La 1ère étape de tout nettoyage en place ou NEP (en anglais, Cleaning-In-Place Clean ou CIP) est l’opération de prélavage à l’eau. Le but de cette étape est d’enlever la majeure partie des aliments restant dans les lignes d’équipements de transformation après la fin de la période de production. On sait que l’étape de prélavage peut être un processus utilisant beaucoup d’eau. L’objectif de cette investigation était de mesurer l’influence des paramètres du NEP (caractéristiques du flux, température de l’eau et temps de contact) sur l’efficacité du pré-rinçage à l’eau pour enlever les dépôts de lait des surfaces des tuyaux en acier inoxydable et de comparer l’efficacité du rinçage avec de l’eau de rinçage propre et déjà utilisée.
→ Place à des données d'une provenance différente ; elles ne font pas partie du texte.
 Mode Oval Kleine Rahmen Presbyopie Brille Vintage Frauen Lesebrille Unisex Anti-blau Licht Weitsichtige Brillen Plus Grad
Un NEP pilote a été utilisé pour rincer des sections de 3 diamètres de tuyaux différents en acier inoxydable 304. La vitesse de l’eau de rinçage a varié de 0,72 à 2,26 m/s. Les températures de l’eau de rinçage étaient de 22°C, 45°C et 67°C. Les temps de contact entre l’eau de rinçage et les dépôts ont été de 20 et de 60 secondes. L’efficacité du rinçage a été exprimée comme le ratio de la quantité de résidus de protéines enlevée à la surface du tuyau pendant le rinçage par rapport à la quantité du dépôt initial de protéines. L’efficacité du rinçage a varié de 73,1% à 94,9% pour la gamme de paramètres utilisés pendant le NEP. Une vitesses élevée de l’eau de rinçage fourni un niveau supérieur de l’efficacité du rinçage. L’augmentation de la température de l’eau de rinçage de 23°C à 45°C a amélioré significativement (P <0,05) l’efficacité de rinçage. Cet impact n’a pas été significatif quand la température de l’eau a été augmentée de 45°C à 67°C et avec des vitesses plus élevées de l’eau de rinçage. De même, un temps de contact plus long entraîne moins d’amélioration de l’efficacité à des températures et des vitesses plus élevées par rapport à des températures et des vitesses plus faibles. Il n’y avait pas de différences significatives dans l’efficacité du rinçage lorsque l’on compare le rinçage avec une eau propre (eau du robinet) et une eau réutilisée dans la gamme des vitesses évaluées.

Application pratique. Les étapes de rinçage sont des éléments importants dans l’opération de NEP et ont un impact direct sur les quantités d’eau et d’énergie utilisées pour le traitement de toute l’opération. L’efficacité de l’eau de rinçage peut être améliorée de manière significative par la sélection de combinaisons appropriées de paramètres de fonctionnement. Par exemple, des vitesses plus élevées de l’eau de rinçage (2,26 m/s) fournissent des améliorations significatives sur l’efficacité du rinçage rapport à la pratique commerciale actuelle (1,52 m/s). La sélection minutieuse de la température de l’eau de rinçage et la vitesse peuvent entraîner des réductions globales de l’eau et de l’énergie utilisées pour les opérations de nettoyage. La réutilisation de l’eau pour une 2ème ou 3ème passe offre des possibilités pour la réduction des besoins en eau supplémentaires sans incidence sur l’efficacité.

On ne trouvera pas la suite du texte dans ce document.